A very cold day in January. A helper and I had spent Nov. and Dec. cutting into the Joe Brown Bronze sports sculptures to replace the rusted out steel armatures with Stainless. You see me here, along with another welder from Geo. Young and Co. ,welding steel fins onto the stainless extension tubes of the new armature, and then welding the fins onto the bottom plates.
When Willie, the master rigger at Geo. Young at the time, dropped the straps...The Moment of Truth...everything held. And then came the concrete to the level of the shoes, and the granite facing,
Photo credit: Ginny Naude, of Norton Art Conservation
It took 6 people 3 weeks to make a mold on this sculpture, by Heinz Warneke. The first guy who tried, failed. The chief difficulty was the undercuts. Carvers rarely give a dam about moldmakers, and so they carve tunnels into the mountains of their stone. Going in is the easy part. Coming back out...you'll need "a ball of string".
Plaster plugs, like the one by Dan's (a local Germantowner now an art teacher) right foot, is how we overcame the incredible undercuts of the sculpture, and worked our way out of the caves. If you look closely, you will notice a u shaped wire coming out of another plug under the chin. Just before the large mold wall was "thrown" on this side of the lion, a blob of clay was placed over the 1/8" wire to keep it separate from the large mold wall, to mark its place on the large mold wall so that it could be used to fasten the plug to the large mold wall, which would be turned vertical, during the casting process.
The guy with the black beard is Tom McGovern. He showed up at my studio one day, and we just started working on a project together (casting a tree trunk). Tom is a can do kind of sculptor, as well as being a professor of art. He worked at Uarts starting the foundry, then with me a little while,, and then ran the sculpture dept at Penn State. On fine day he called me up and asked if I wanted to make a mold on the Nittany Lion. Why not?

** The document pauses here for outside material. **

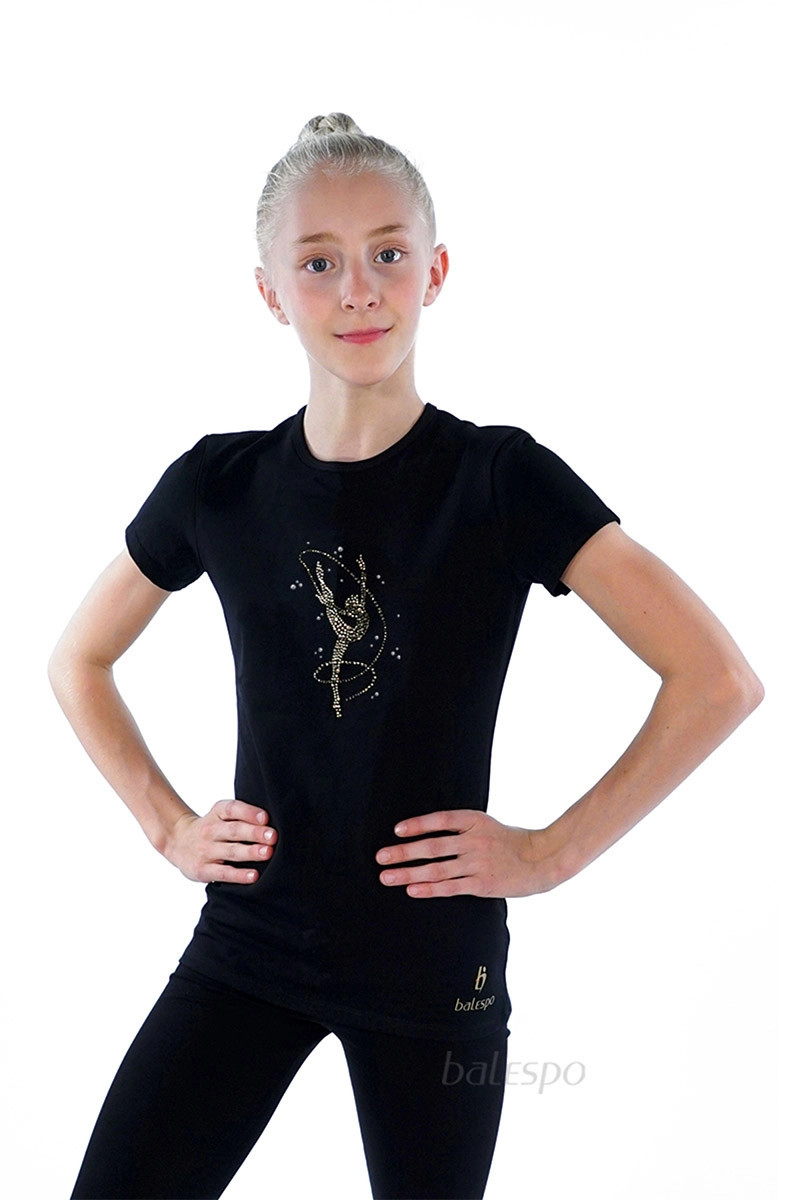 BALESPO BC210.1-100 Slim Gymnastics T-Shirt with Gold Crystals “Gymnast with Ribbon”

He and his wife hosted my crew (Dan and Denise) and I at their home to keep the costs down. We would go up to Penn State monday, work till friday, and then come back home. Denise took many of the photos that I have of this event. It was very difficult, and wonderful.
About half way through the rubber mold prosess. Notice the plaster plug above the ear, the mold walls, and the registrations. We are about to throw the large front mold section. There is a lot of design that goes into making a mold. It is critical to understand "draft", "undercuts", and the direction of "the pull".
The Great Mother and The Great Doctor, bronze,1955, by Waldemar Raemisch. Here is the Great Doctor group, with my wife Gina, who stands 5'3", to give us some idea of how big the sculptures are.
This is the old site of the sculptures, in front of the Youth Study Center on the BF Parkway, which is now the new site of the Barnes Museum Collection.
The two sculpture groups were apparently divided and cast as sections themselves to be shipped and installed here, on site. I developed the plan to cut through the welds of the two sculpture groups to reestablish the original smaller sections which George Young & Co. then trucked to the new site(The School Of The Future) in West Phila.
By cutting cleanly through the weld beads, they could be used as registration guides to position and reweld the sculptures at the new site.
The usual disaster struck half way through the project when it was discovered that the 2" by 2" square steel stiffening rods that had been cast with the bronze were Redoxed into red dust, bronze being the more noble metal. There was some serious wallet anguish going on at this point, which was solved by George Young Co. back filling the bottom plates with anchoring cement, and by little old me creating as invisible as possible attachment points between key sculptures... a difficult job that ended well.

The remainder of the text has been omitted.